Can I Get a Mortgage During an IVA?
As the vast majority of Individual Voluntary Arrangements last for between 5 and 6 years, a lot can happen during that period. Life has a habit of carrying on, come what may and 6 years is a long time to wait for your IVA to clear from your credit file.
The question has to be, is it possible to get a mortgage whilst you’re still in an IVA?
It is possible, but it is difficult and you will have to meet quite certain requirements and affordability criteria, but it is possible. The reason for the difficulty is that if you’ve arrived at a position where you need an IVA, your credit rating is going to be poor and poor credit ratings don’t typically end up in successful mortgage applications.
Most find it better to wait until the IVA is complete and dropped off your credit file, 6 years after the start date. See our Mortgage after an IVA page.
Whilst the previous statement is true in most cases, the result can be different if you approach a specialist broker who has access to special deals that are geared towards people with an imperfect credit status. It’s true that applying for a mortgage when you’re in an IVA via traditional routes is something of a pointless task, as they only look at your income and your credit rating, but bad credit mortgage criteria will be much broader and flexible.
If you can prove affordability, there’s a chance that you could be approved even whilst you’re in an IVA, but we’re not going to lie, lenders do prefer applications where the IVA has been satisfied and is no longer showing on your credit file, but mortgages during IVAs are not unheard of.
It will probably require a significantly higher deposit than if you were not still in your IVA and the rates available to you will likely be higher, but it is possible.
One factor that could put a stop to your mortgage dreams whilst still in an IVA is your Insolvency Practitioner (IP), who might not agree with you borrowing before the end of your arrangement.

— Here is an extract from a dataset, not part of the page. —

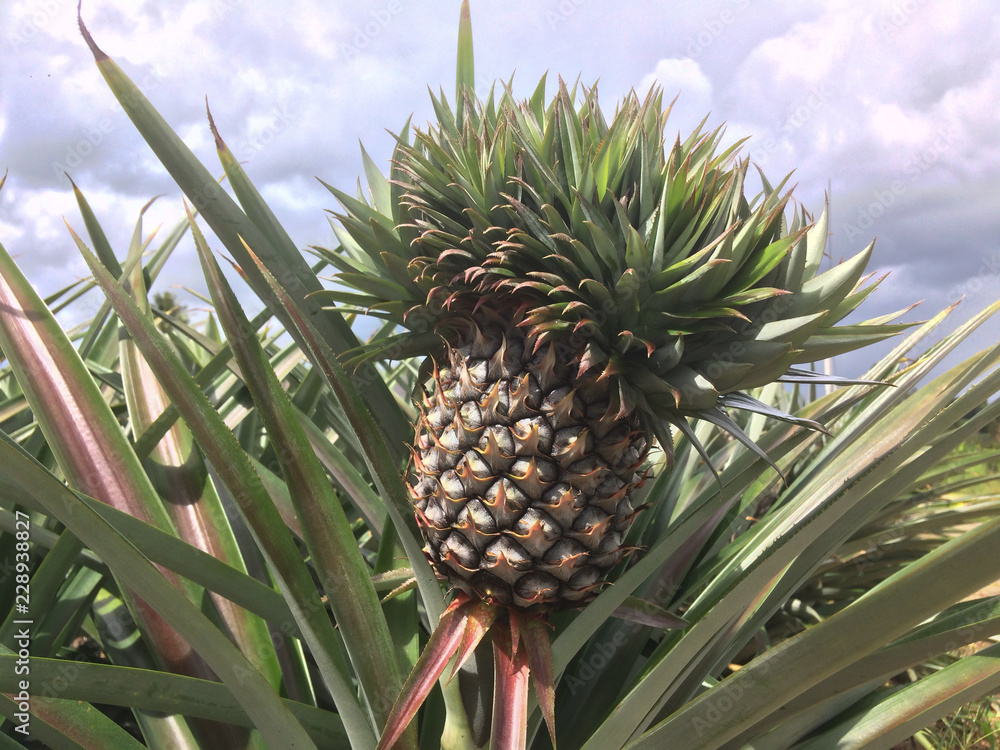 Pineapple in the garden with clouds and bright sky. Pineapple in the garden with clouds and bright sky.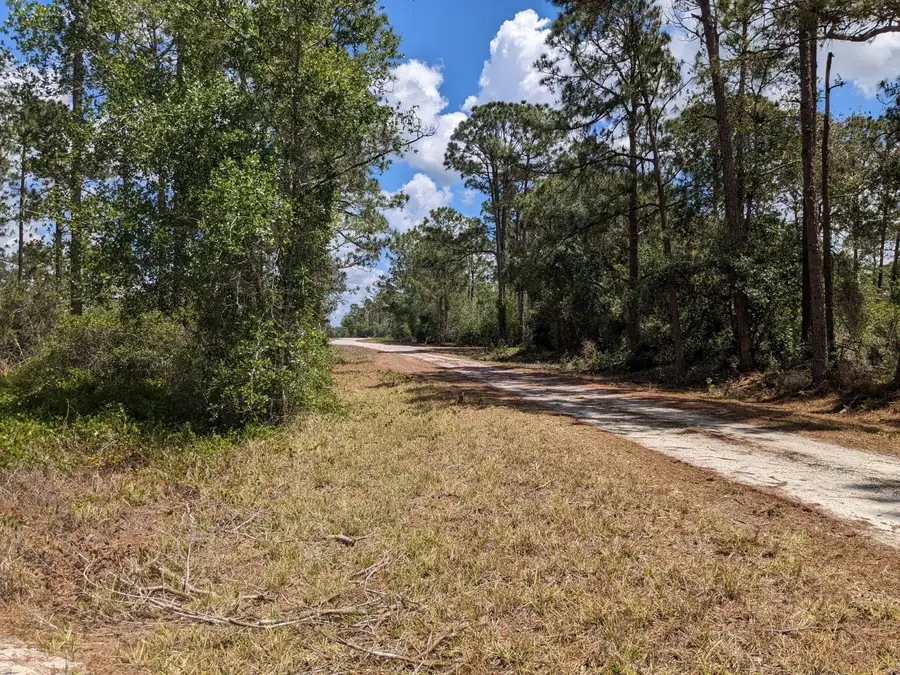 430 Apple Blossom Avenue, Lake Placid, FL 33852 - #2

If you go ahead with it without their agreement, it could mean your IVA fails.
That’s not to say that they won’t agree, but most usually this is only allowed in an IVA remortgage situation where you’re releasing equity from your existing property to free up a lump sum to pay off your IVA in full.
Where first time buyers are concerned, an instance where your IP might agree to your move of buying a home is when your overall monthly expenditure falls. Rental prices are typically a good deal higher than mortgage repayments, so it could actually be a good move for your creditors too, even though you’re borrowing again before your IVA has finished.